*** Block opens ***

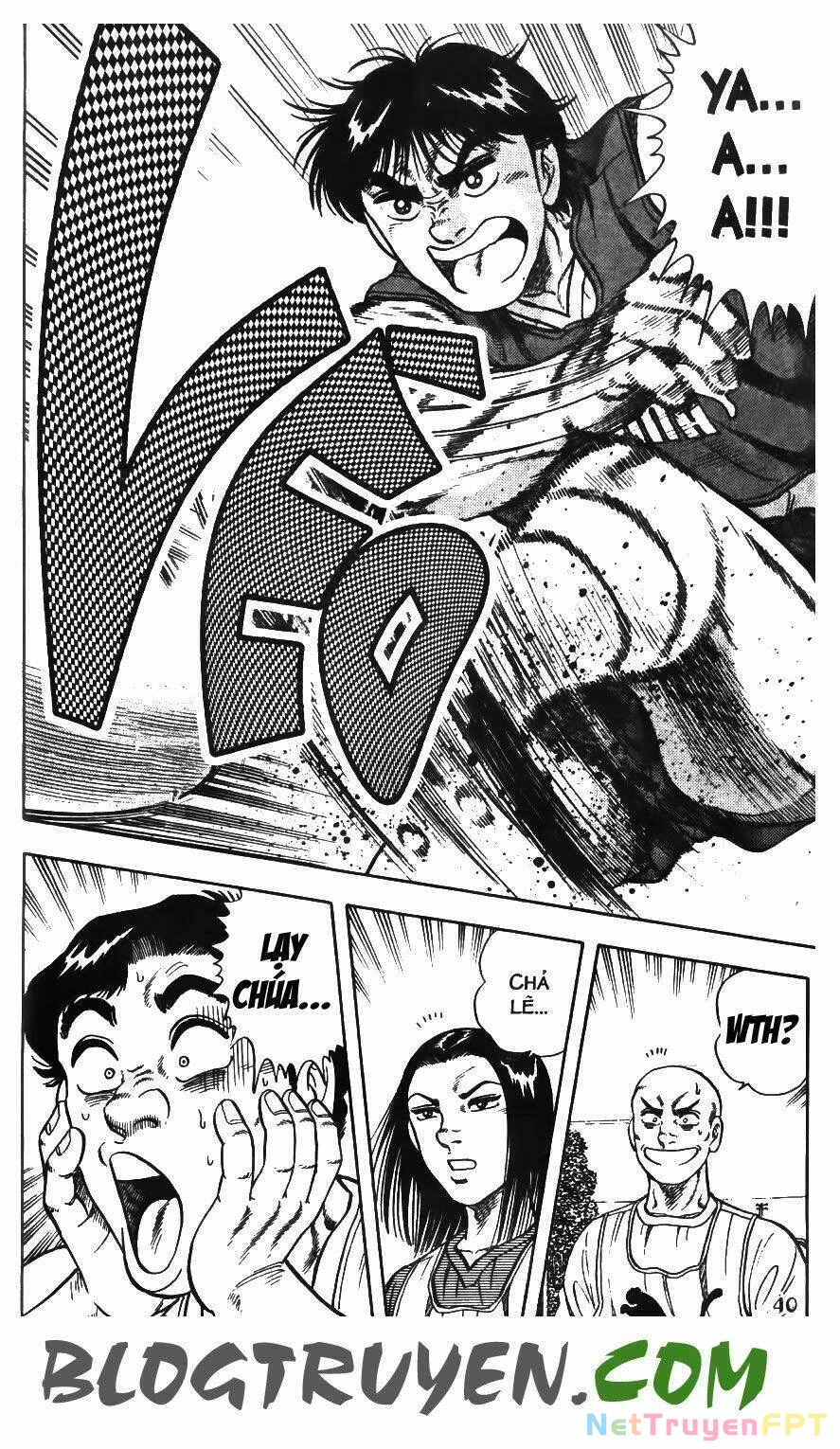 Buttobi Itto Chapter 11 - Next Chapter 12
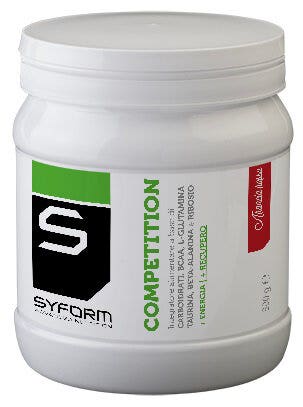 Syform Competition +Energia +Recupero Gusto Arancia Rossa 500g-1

*** Block closes ***
*** Block opens ***

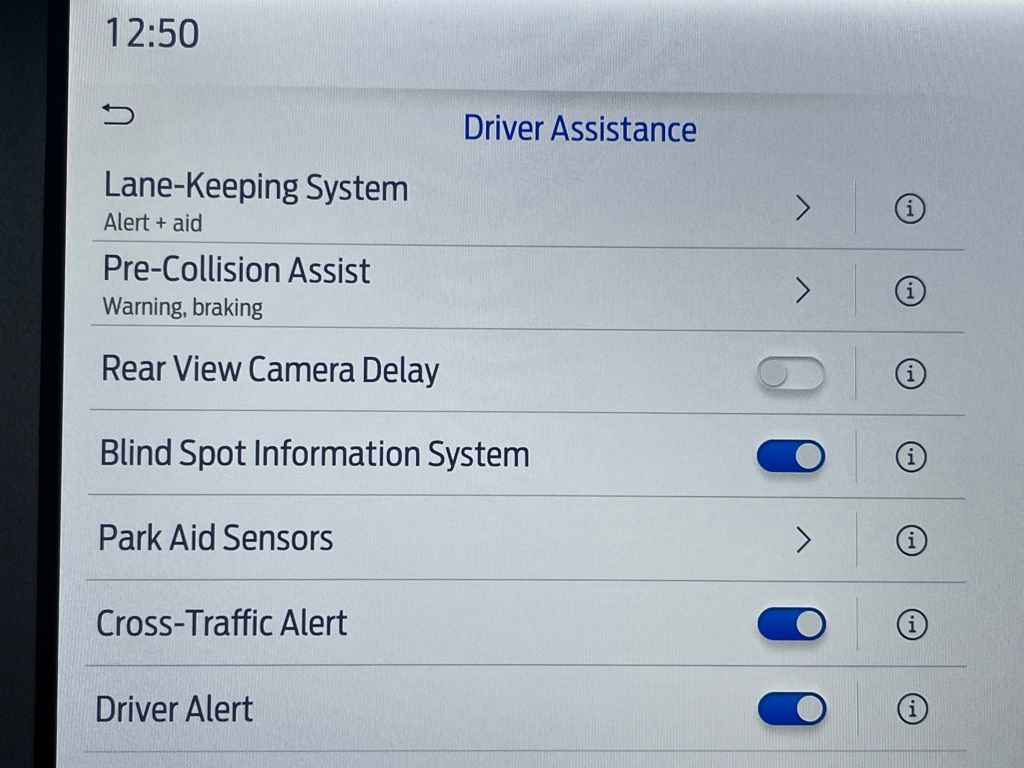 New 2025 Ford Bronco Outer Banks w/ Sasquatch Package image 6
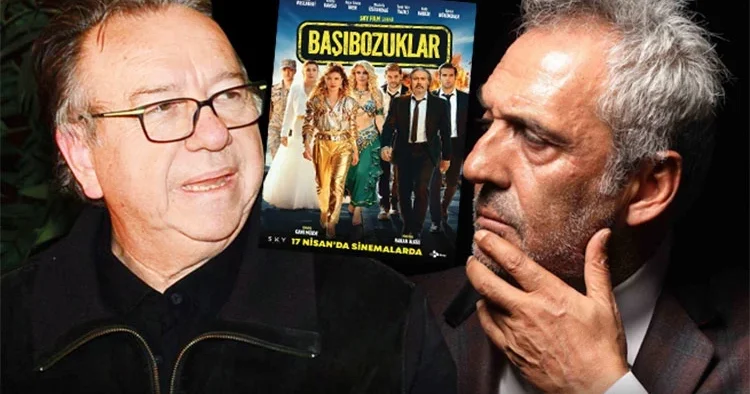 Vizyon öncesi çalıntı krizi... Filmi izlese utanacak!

*** Block closes ***

* TASK PROMPT:
Go to the line above holding "Buttobi Itto Chapter 11 - Next Chapter 12", then copy exactly each line down to and including the one holding "Syform Competition +Energia", leaving pictures out.

* RESULT FOR THIS TASK:
 Buttobi Itto Chapter 11 - Next Chapter 12
 Syform Competition +Energia +Recupero Gusto Arancia Rossa 500g-1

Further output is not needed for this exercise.